Fix max element guard overflow for CUDA, resolves #136

2023-09-22 02:31:14 +01:00 · 2023-09-22 02:31:14 +01:00 · 3dcafd1af1
commit 3dcafd1af1
parent 87a38e949d
1 changed files with 14 additions and 10 deletions
--- a/src/cuda/CUDAStream.cu
+++ b/src/cuda/CUDAStream.cu
@ -48,33 +48,37 @@ CUDAStream<T>::CUDAStream(const int ARRAY_SIZE, const int device_index)

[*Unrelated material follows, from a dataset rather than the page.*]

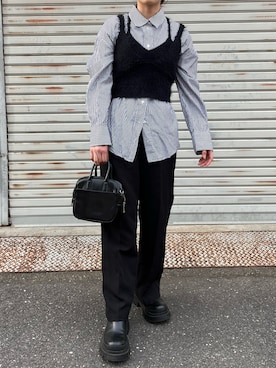 Ochiさん（レディース・158cm）の春コーディネート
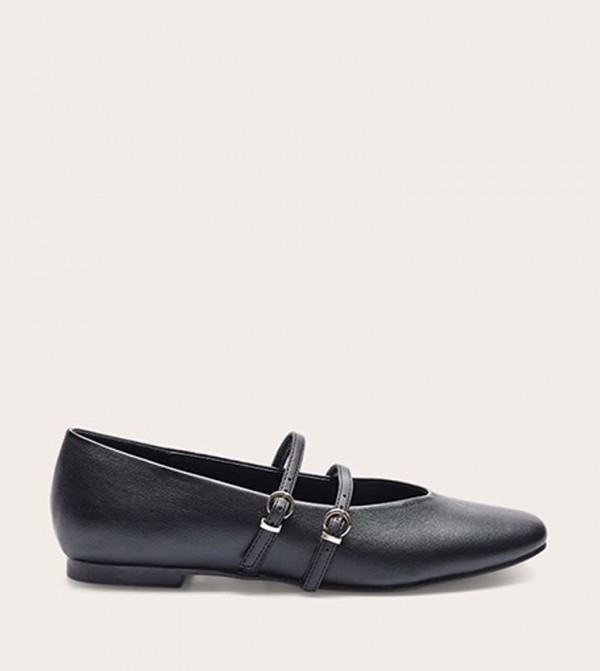PU Round Toe Ballet Flat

  // Allocate the host array for partial sums for dot kernels
  sums = (T*)malloc(sizeof(T) * DOT_NUM_BLOCKS);

+  size_t array_bytes = sizeof(T);
+  array_bytes *= ARRAY_SIZE;
+  size_t total_bytes = array_bytes * 3;
+
  // Check buffers fit on the device
  cudaDeviceProp props;
  cudaGetDeviceProperties(&props, 0);
-  if (props.totalGlobalMem < std::size_t{3}*ARRAY_SIZE*sizeof(T))

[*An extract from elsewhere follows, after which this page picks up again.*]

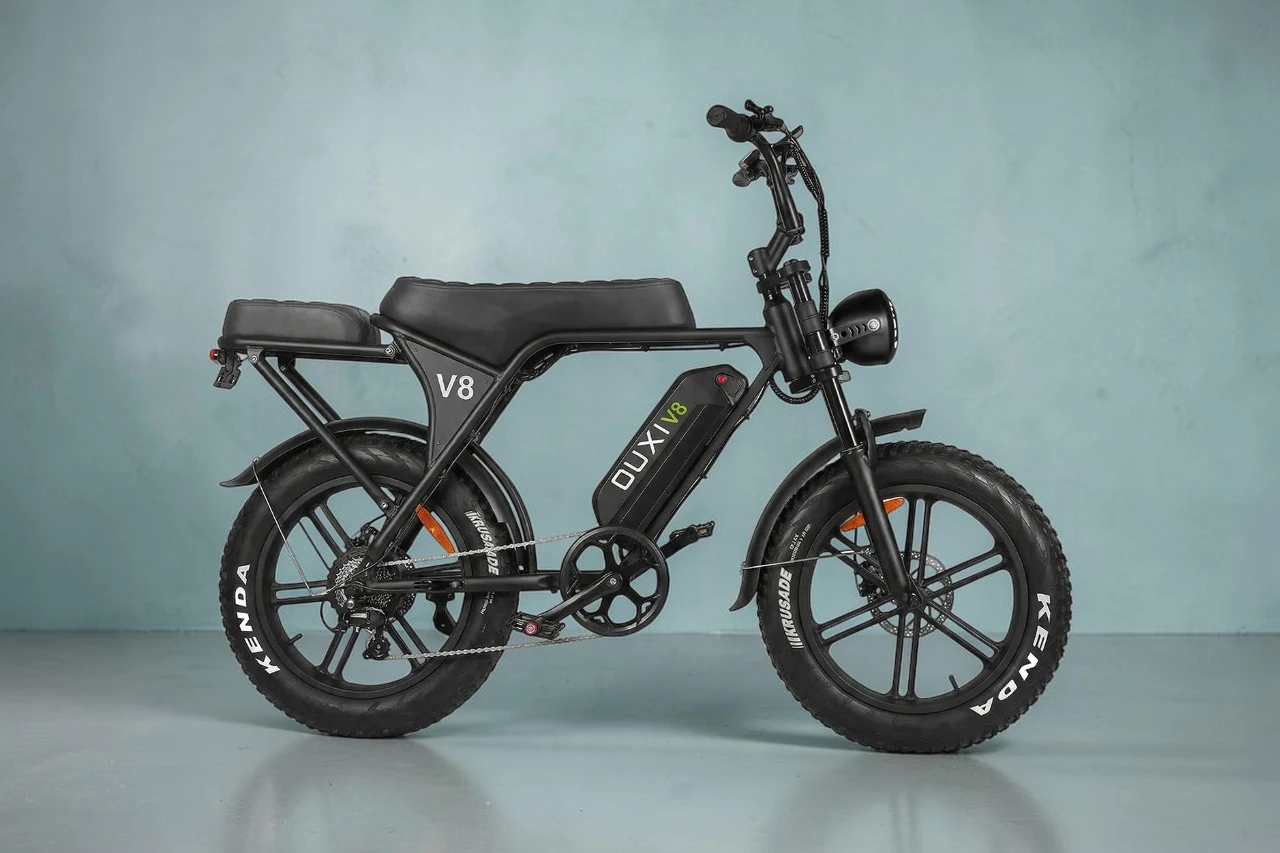 OUXI V8 Electric Bike Review: Real-World Speed, Range and Value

+  if (props.totalGlobalMem < total_bytes)
    throw std::runtime_error("Device does not have enough memory for all 3 buffers");

  // Create device buffers
 #if defined(MANAGED)
-  cudaMallocManaged(&d_a, ARRAY_SIZE*sizeof(T));
+  cudaMallocManaged(&d_a, array_bytes);
  check_error();
-  cudaMallocManaged(&d_b, ARRAY_SIZE*sizeof(T));
+  cudaMallocManaged(&d_b, array_bytes);
  check_error();
-  cudaMallocManaged(&d_c, ARRAY_SIZE*sizeof(T));
+  cudaMallocManaged(&d_c, array_bytes);
  check_error();
  cudaMallocManaged(&d_sum, DOT_NUM_BLOCKS*sizeof(T));
  check_error();
 #elif defined(PAGEFAULT)
-  d_a = (T*)malloc(sizeof(T)*ARRAY_SIZE);
-  d_b = (T*)malloc(sizeof(T)*ARRAY_SIZE);
-  d_c = (T*)malloc(sizeof(T)*ARRAY_SIZE);
+  d_a = (T*)malloc(array_bytes);
+  d_b = (T*)malloc(array_bytes);
+  d_c = (T*)malloc(array_bytes);
  d_sum = (T*)malloc(sizeof(T)*DOT_NUM_BLOCKS);
 #else
-  cudaMalloc(&d_a, ARRAY_SIZE*sizeof(T));
+  cudaMalloc(&d_a, array_bytes);
  check_error();
-  cudaMalloc(&d_b, ARRAY_SIZE*sizeof(T));
+  cudaMalloc(&d_b, array_bytes);
  check_error();
-  cudaMalloc(&d_c, ARRAY_SIZE*sizeof(T));
+  cudaMalloc(&d_c, array_bytes);
  check_error();
  cudaMalloc(&d_sum, DOT_NUM_BLOCKS*sizeof(T));
  check_error();